Can you pass the U.S. Army’s new fitness test?

Army exercise drills are legendary for their toughness, but it looks like it might not be that hard for seasoned runners to pass the fitness test to get into the U.S. Army.

Army exercise drills are legendary for their toughness, but it looks like it might not be that hard for seasoned runners to pass the fitness test to get into the U.S. Army.

The Army Physical Fitness School gave the Army Times website a look at the average scores for men and women in each of the new Army’s fitness test’s five categories. Those averages are roughly:

Push-ups in one minute: Men, 36; women, 19.

Shuttle run: Men, 16 seconds; women, 18 seconds.

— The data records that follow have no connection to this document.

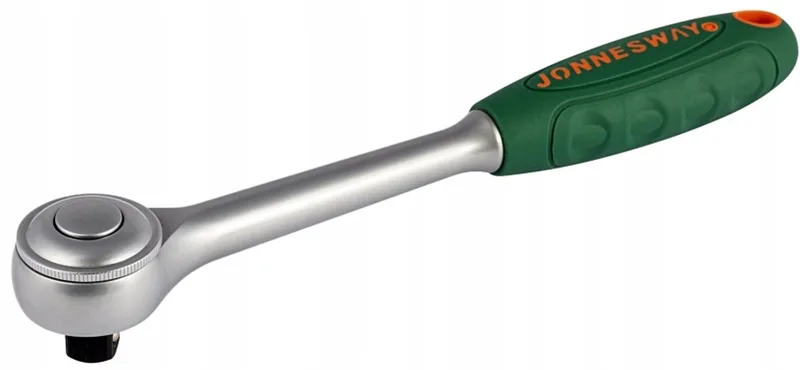 Ratelsleutel 1/2" 72T 250mm met Schakelaar von Jonnesway – Produktbild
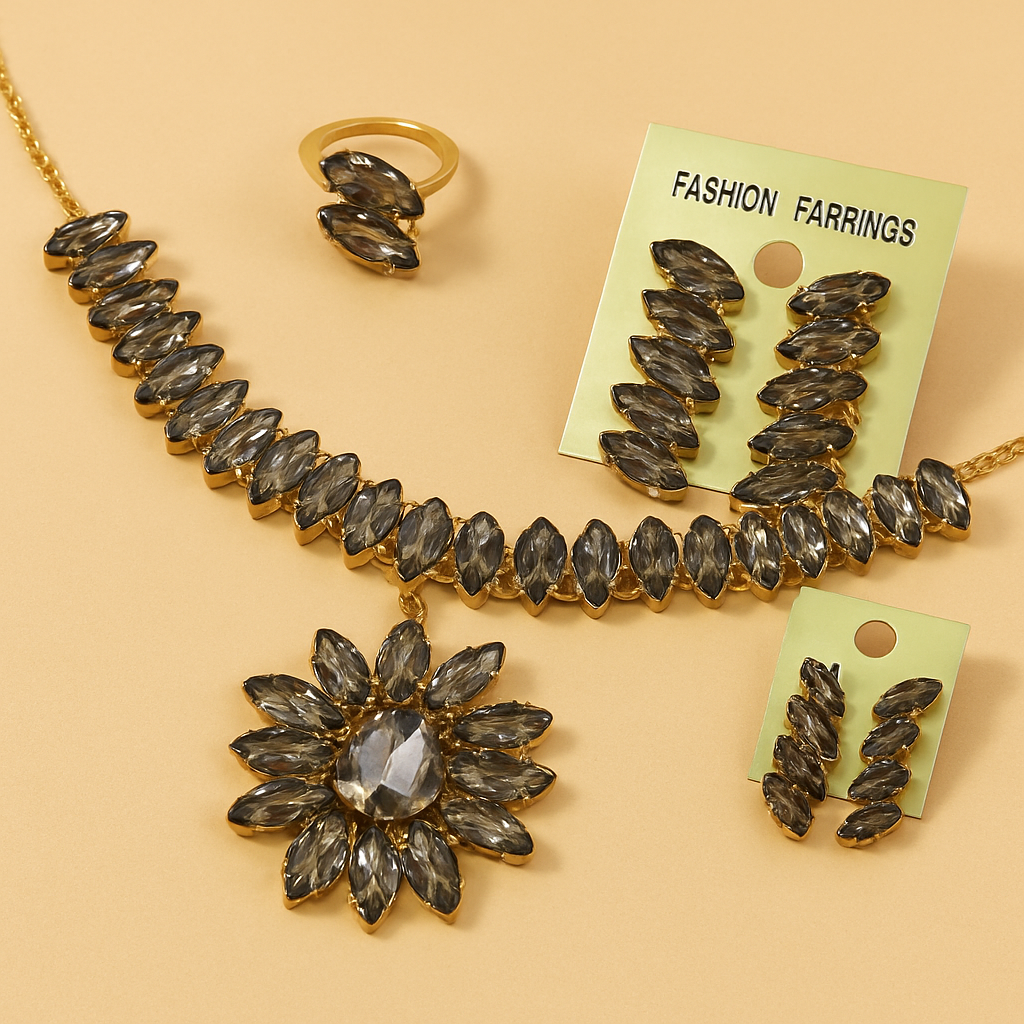 SCRUNSTORE Sparkle Pendant Necklace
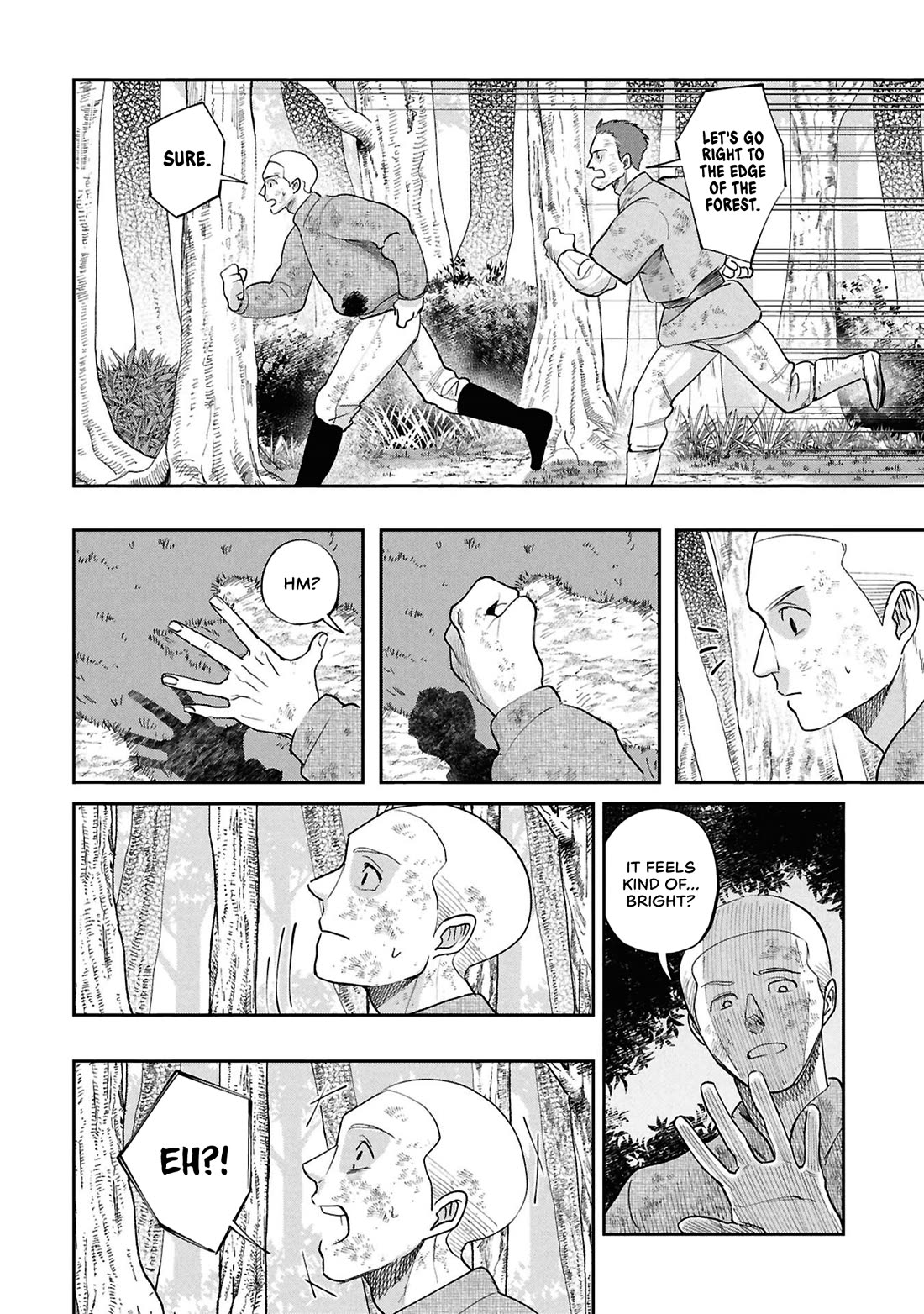 Nemu the Corpse Bearer Chapter 16 page 35 - Chapter 16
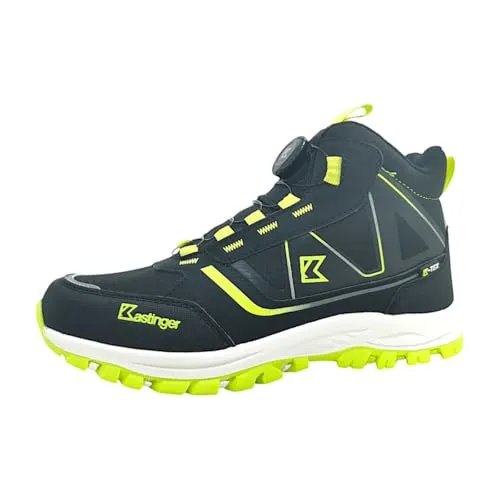 Kastinger Wenger Mid XT KTX - Wasserdichte Wander-Freizeitschuhe für Kids - Robuste Wanderschuhe mit K-TEX Membran für optimalen Wetterschutz und Atmungsaktivität. Ideal für Outdoor-Abenteuer mit sicherem Halt dank K-Grip-Außensohle und K-SPIN-Technologie.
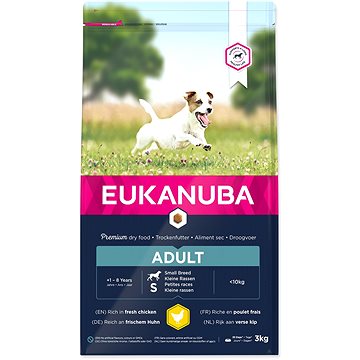 

Eukanuba Adult Small 3 kg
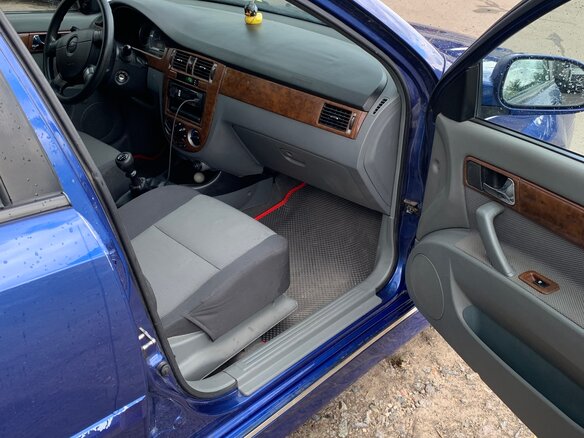 2008 Chevrolet Lacetti I, синий, 350000 рублей - вид 8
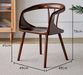 Chic Nordic Lounge Chairs - Stylish Ergonomic Dining and Patio Seating for Modern Homes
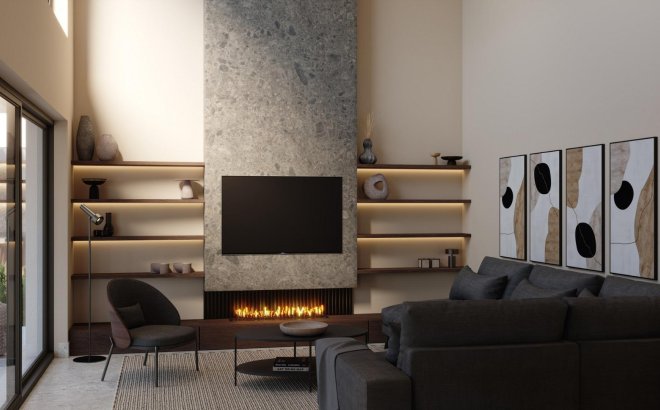 New Build - Villa -
Mojacar - Playa De Macenas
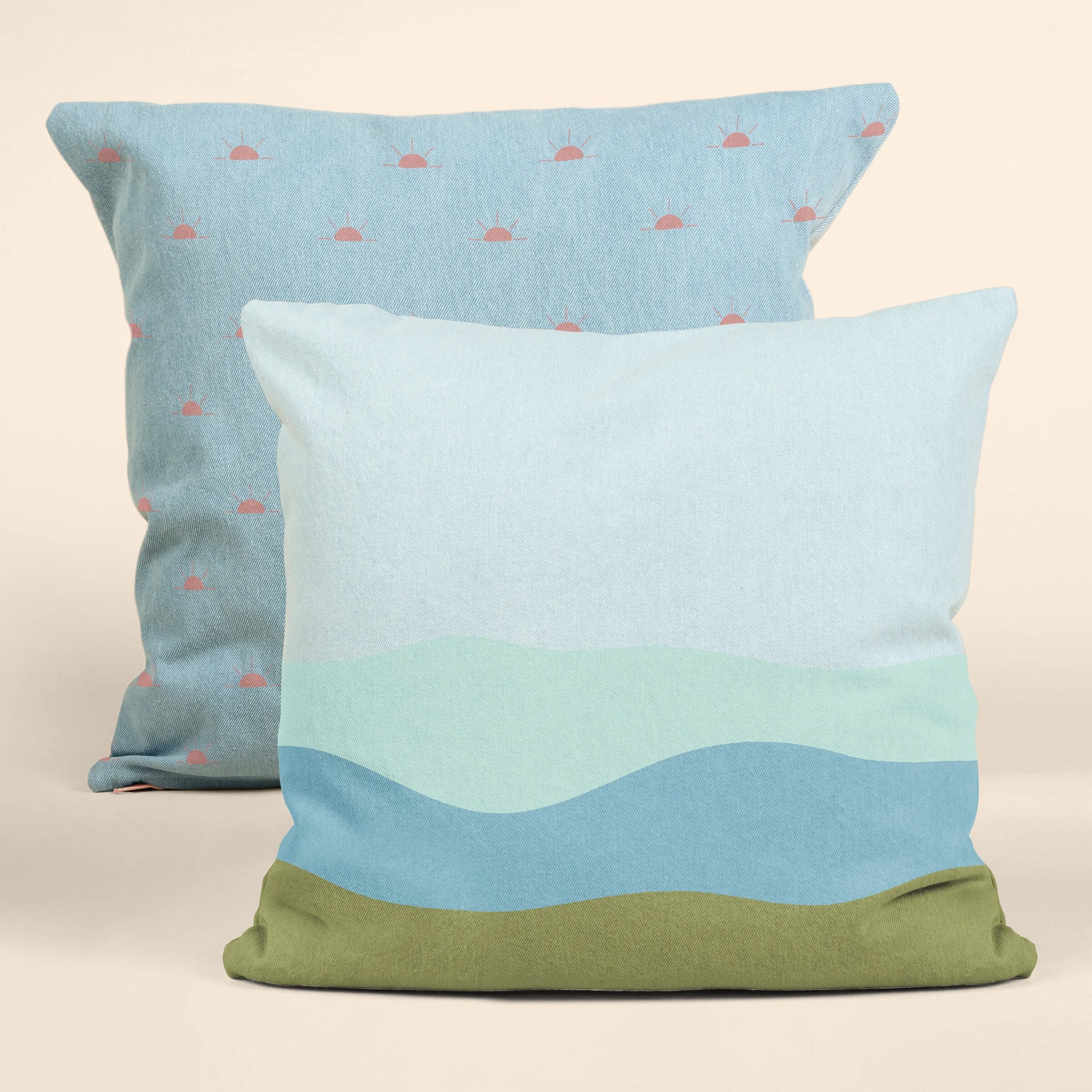Cuddlebug - Large - DENIM
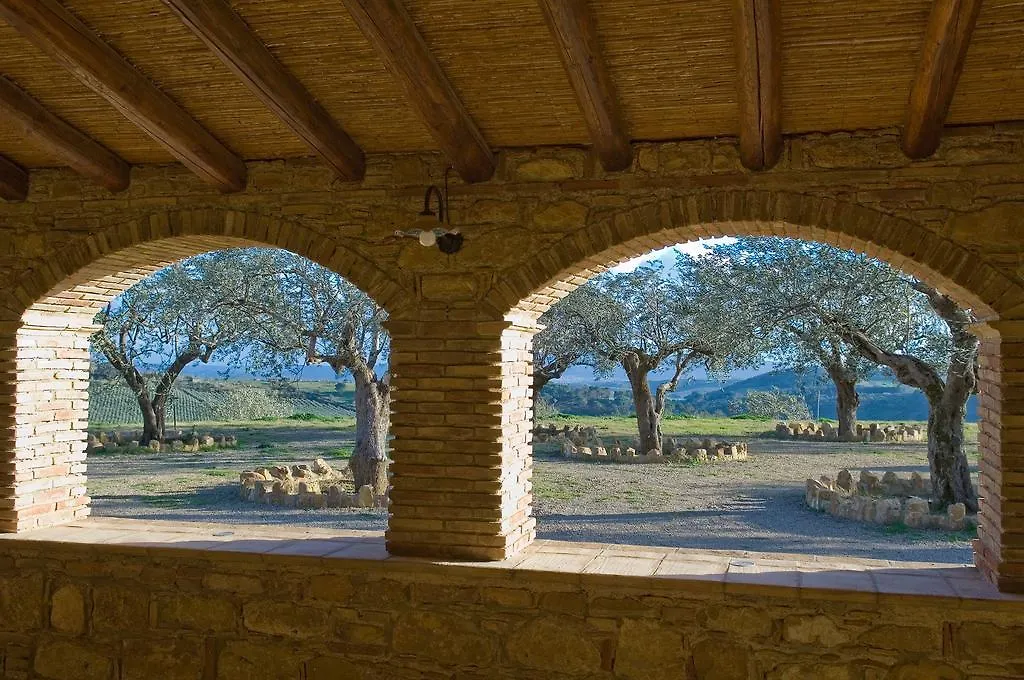 Agriturismo Salemi Villa Piazza Armerina Farmház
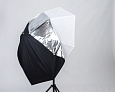 Lastolite LU3237F фотозонт белый просвет/отражение и серебро (78см) от магазина фотооборудования Фотошанс
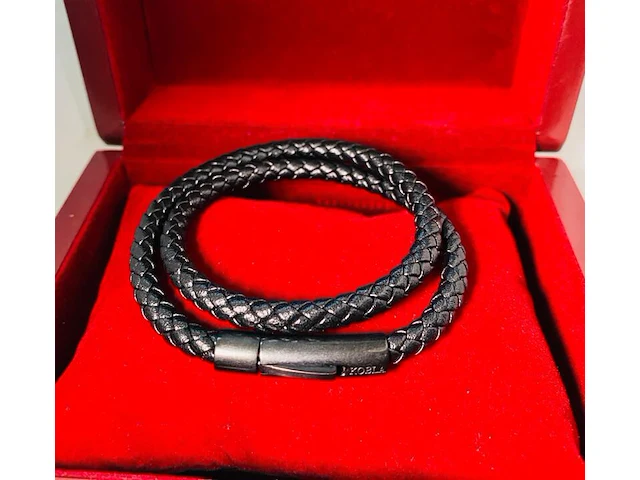 Heren armband - kobla buddha belgische juwelier - afbeelding 1 van  4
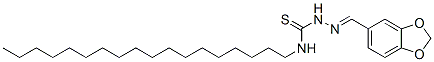 6299-33-8,1-(benzo[1,3]dioxol-5-ylmethylideneamino)-3-octadecyl-thiourea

Rower in one minute: Men, 33; women, 31.

Long jump: Men, 79 inches; women, 61 inches.

1.5-mile run: Men, 11:02; women, 13:12.

But even if you can hit these times, don’t pat yourself on the back just yet. As Army Times point out, these scores are not the goal, unless your goal is to be average. In the old test, male trainees averaged 49 push-ups, 62 sit-ups and a 2-mile run time of 15:09, while females averaged 39 push-ups, 61 sit-ups and a run time of 16:37.

Still, the averages are fun to note if you feel like seeing if you would measure up. If you can hit these numbers, you should be able to pass the test. Interestingly enough, age doesn’t seem to be much of a factor. Army Times says there is little difference between the scores of the average 17-year-old and 42-year-old trainee.